Home / GCP / BigQuery - AEAD SQL Encryption Walk-Through
GCP AEAD SQL Encryption
A walk through using the AEAD SQL encryption functions (Private Beta as off Nov 2018)
In this example I encrypt some PPI data (person name). I encrypt each name twice.
-
The first encryption uses a key which is unique to the person and is stored in a parallel person key table. This type of encryption is a great way to implement the GDPR “right to be forgotten” rule. To forget a person we don’t need to locate and delete all PPI records in all tables, we just need to delete the person key record. The renders all the person data encrypted using the person key unreadable.
-
The second encryption uses a key unique to the field in the person record. This key is passed as a parameter into the read / write SQL. This key can be stored outside of GCP (or in a different project).
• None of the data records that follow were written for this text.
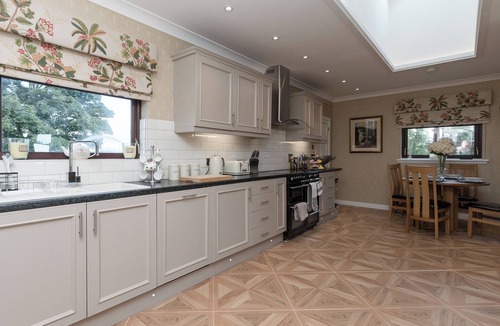 Dalry Cottage | 3 bedroom accommodation in Dalry
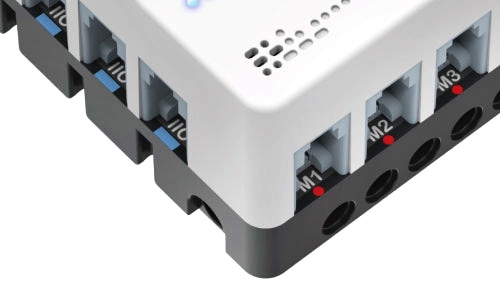 Nezha PRO microbit rozšiřující modu - porty pro motory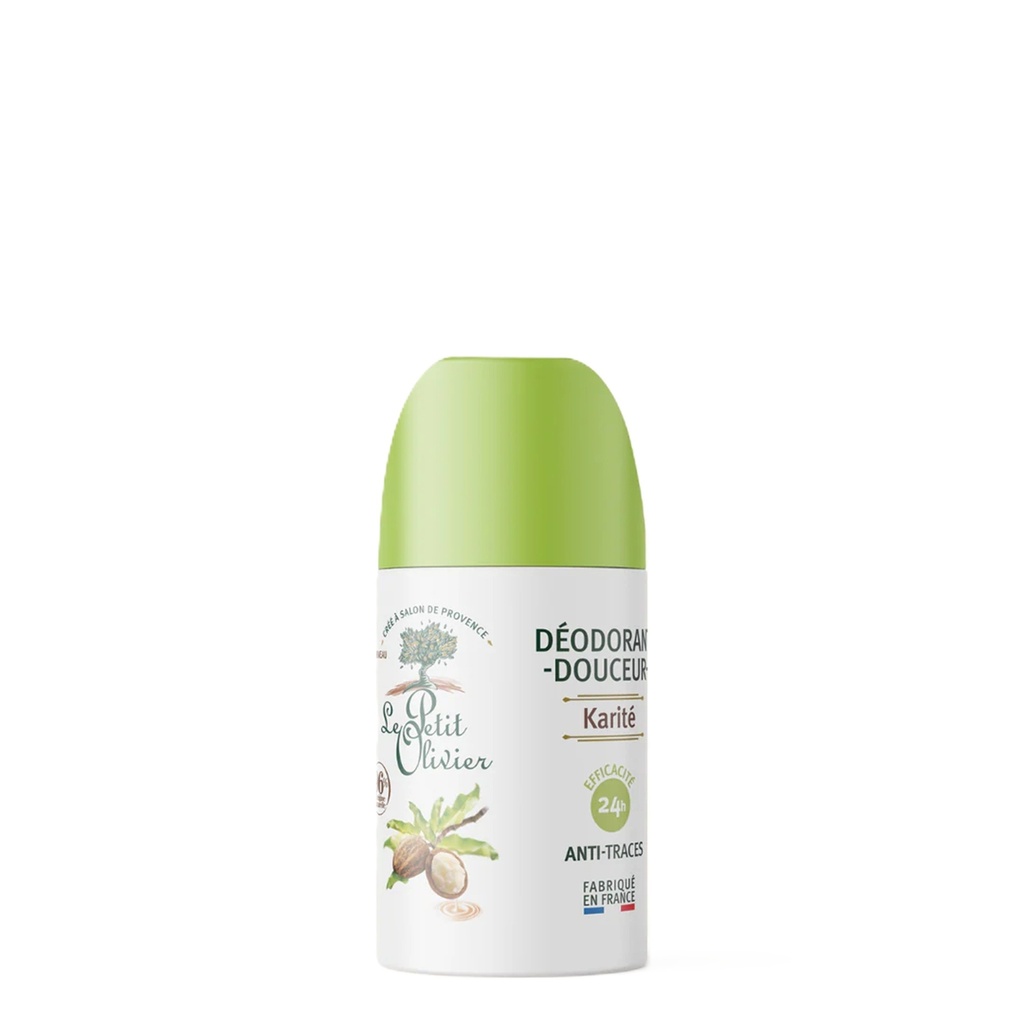LPO Hellävarainen deodorantti 50ml Sheamilk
If this key is protected using a different authentication process, this gives cryptographically secured two factor authentication.
Step 1: Create a keyset JSON string to use in following queries to encrypt the column
Exporting the key as a JSON document means we can pass this as a text parameter into BigQuery SQL queries.
> bq query --use_legacy_sql=false \
"SELECT KEYS.KEYSET_TO_JSON(KEYS.NEW_KEYSET('AEAD_AES_GCM_256'))"
Waiting on bqjob_r711c9125fb3c8635_00000166f7fcd20e_1 ... (0s) Current status: DONE
+----------------------------------------------------------------------------------------------------------------+
| f0_ |
+----------------------------------------------------------------------------------------------------------------+
| {"key":[{"keyData":{"keyMaterialType":"SYMMETRIC","typeUrl":"type.googleapis.com/google.crypto.tink.AesGcmKey" |
| ,"value":"GiCUh160exVnX5GBZNsPAzeHamcuxMqIlzmzBAhcDg/mtQ=="} |
| ,"keyId":3252846060,"outputPrefixType":"TINK","status":"ENABLED"}],"primaryKeyId":3252846060} |
+----------------------------------------------------------------------------------------------------------------+
Step 2: Drop the person_source table if it exists, then create the person_source table
The person_source table is the un-encrypted version of the table which is only here as part of the example. The protected table is called person_encrypted and is created below.
> bq query --use_legacy_sql=false \
"DROP TABLE test.person_source"
Waiting on bqjob_r4f94c6b837a63b6d_00000166f7fce4b6_1 ... (0s) Current status: DONE
> bq query --use_legacy_sql=false \
"CREATE TABLE test.person_source (id INT64, name STRING)"
Waiting on bqjob_r2a101370e655b92d_00000166f7fcf1cf_1 ... (0s) Current status: DONE
Step 3: Load names into the person_source table
> bq query --use_legacy_sql=false \
"INSERT test.person_source (id, name) VALUES (1, 'Jacob'), (2, 'Michael'), (3, 'Joshua') \
, (4, 'Matthew'), (5, 'Christopher'), (6, 'Andrew') \
, (7, 'Daniel'), (8, 'Ethan'), (9, 'Joseph') \
, (10, 'William')"
Waiting on bqjob_r275805bf8882b248_00000166f7fd0090_1 ... (0s) Current status: DONE
Step 4: Query the person_source table
> bq query --use_legacy_sql=false \
"SELECT id
, name
FROM test.person_source"
Waiting on bqjob_ra54130d4805ac55_00000166f7fd12c5_1 ... (0s) Current status: DONE
+----+-------------+
| id | name |
+----+-------------+
| 4 | Matthew |
| 8 | Ethan |
| 3 | Joshua |
| 7 | Daniel |
| 9 | Joseph |
| 5 | Christopher |
| 10 | William |
| 1 | Jacob |
| 2 | Michael |
| 6 | Andrew |
+----+-------------+
Step 5: Drop the person_keys table if it exists, then create the person_keys table
bq query --use_legacy_sql=false \
"DROP TABLE test.person_keys"
Waiting on bqjob_r6df2b79bd19fadb8_00000166f7fd2875_1 ... (0s) Current status: DONE
bq query --use_legacy_sql=false \
"CREATE TABLE test.person_keys (id INT64, keyset BYTES)"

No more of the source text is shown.